The project aims delivery of drug-loaded hydrogels by a handheld device with a co-axial nozzle (like a common syringe). The project aims at design and optimization of the process. It involves measurement of the mechanical properties of hydrogels, studying cell behavior, design criteria for developing a handheld device, preparation techniques of hydrogels, generating experimental designs and printing different types of hydrogels with handheld devices.

Soft-tissue sarcoma (STS) is a group of aggressive tumors that grow in non-adherent conditions and are highly invasive and resistant to chemotherapy. The low effectiveness of chemotherapy demands proper pre-clinical STS models to evaluate anti-cancer drugs. However, there is a lack of in vitro models recapitulating tumor microenvironment (TME) within STS. Therefore, there is a critical need for better organotypic drug screening platforms to improve systematic therapies, reduce fabrication time, and identify predictive factors for response to chemotherapy drugs. The long-term goal of this research is to design and develop a bioprinted vascularized STS tumor spheroid-on-a-chip that will lead to possibilities for cost-effective drug discovery and personalized medicine. We have shown that multimaterial bioprinting has allowed us to tailor the mechanical properties of ECM mimicking hydrogel and positioning biologics on desired locations. This further will allow us to recapitulate the TME of soft tissue tumors and monitor cell behavior. Our published data and new preliminary data support the relevance of this model provide the basis for our hypothesis that the construction of an in vitro model can mimic the cellular composition and the ECM properties of tumor tissue for its in vivo counterparts. The immadiate goal of the proposed studies is to provide a proof-of-concept of bioprinted tumor-on-a-chip to meet the clinical need for rapid and inexpensive 3D in vitro soft tissue tumor models and drug screening platforms. Two specific aims are proposed 1) validating the biomimicry of our bioprinted tumor model and 2) measuring the specific cell markers in this organotypic tumor model. At the completion of the aims, we expect that this novel hydrogel microfluidic platform will provide a valuable tool for invasion with sarcoma spheroids used for drug discovery and development.

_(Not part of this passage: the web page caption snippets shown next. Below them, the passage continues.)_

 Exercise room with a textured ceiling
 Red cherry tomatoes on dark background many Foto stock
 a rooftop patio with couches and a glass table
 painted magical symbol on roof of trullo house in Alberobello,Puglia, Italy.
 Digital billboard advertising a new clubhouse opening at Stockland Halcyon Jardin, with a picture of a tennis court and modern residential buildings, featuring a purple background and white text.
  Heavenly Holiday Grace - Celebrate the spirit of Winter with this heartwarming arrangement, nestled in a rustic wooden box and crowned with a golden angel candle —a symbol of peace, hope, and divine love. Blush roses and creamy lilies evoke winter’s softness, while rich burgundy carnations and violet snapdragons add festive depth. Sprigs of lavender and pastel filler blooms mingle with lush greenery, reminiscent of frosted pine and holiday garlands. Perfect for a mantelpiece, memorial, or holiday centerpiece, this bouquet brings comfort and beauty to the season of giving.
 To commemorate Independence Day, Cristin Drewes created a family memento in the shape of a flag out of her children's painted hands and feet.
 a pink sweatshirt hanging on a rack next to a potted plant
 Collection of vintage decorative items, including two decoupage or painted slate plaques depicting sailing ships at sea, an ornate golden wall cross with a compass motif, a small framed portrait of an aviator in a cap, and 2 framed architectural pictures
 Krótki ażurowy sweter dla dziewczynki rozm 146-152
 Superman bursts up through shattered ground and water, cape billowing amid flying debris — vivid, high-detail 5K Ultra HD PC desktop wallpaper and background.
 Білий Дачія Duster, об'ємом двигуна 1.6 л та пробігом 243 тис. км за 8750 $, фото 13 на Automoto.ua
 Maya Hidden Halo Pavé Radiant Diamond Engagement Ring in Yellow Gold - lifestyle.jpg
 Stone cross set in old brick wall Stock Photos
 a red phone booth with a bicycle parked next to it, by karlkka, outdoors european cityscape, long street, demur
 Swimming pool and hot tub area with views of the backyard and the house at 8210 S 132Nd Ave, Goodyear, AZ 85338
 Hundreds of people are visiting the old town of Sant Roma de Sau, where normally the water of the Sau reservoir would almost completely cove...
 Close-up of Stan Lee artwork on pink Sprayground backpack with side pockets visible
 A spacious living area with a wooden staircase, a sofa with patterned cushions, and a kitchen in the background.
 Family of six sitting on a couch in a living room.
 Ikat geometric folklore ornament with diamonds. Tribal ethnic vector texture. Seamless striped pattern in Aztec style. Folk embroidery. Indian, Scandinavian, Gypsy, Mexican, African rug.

Current high-throughput screening (HTS) applies two-dimension (2D) standard well plate which requires complex handling equipment and automated system. Microfluidic cellular platform resolves the issues and as well provides reduced sample quantity and integration of cells. Conventional microfluidic device requires sequential integration of layer for complex structures making the fabrication process difficult and labor intensive. We intend to apply a patented (Patent Pending) multi-material 3D bioprinter to print hydrogel-based microfluidic platform to fabricate organ-on-a-chip and microfluidic device tool for high-throughput screening. The proposed work employs novel biofabrication method and hydrogel engineering to create a tool for developing effective therapeutics. The technology available allows rapid and continuous fabrication of microfluidic device which do not require post processing. The approach will allow us to fabricate organ specific microfluidic chip along with accessories such as electrodes within the device that may allow high-throughput detection of molecules. The hydrogel microfluidic chip a fluid-saturated solid network will ideally provide a proper cell-friendly environment and other biomimetic features. Additionally, these microfluidic platforms are anticipated to provide rapid analysis of numerous chemicals, biochemicals, or pharmacological tests in parallel in a real time setup.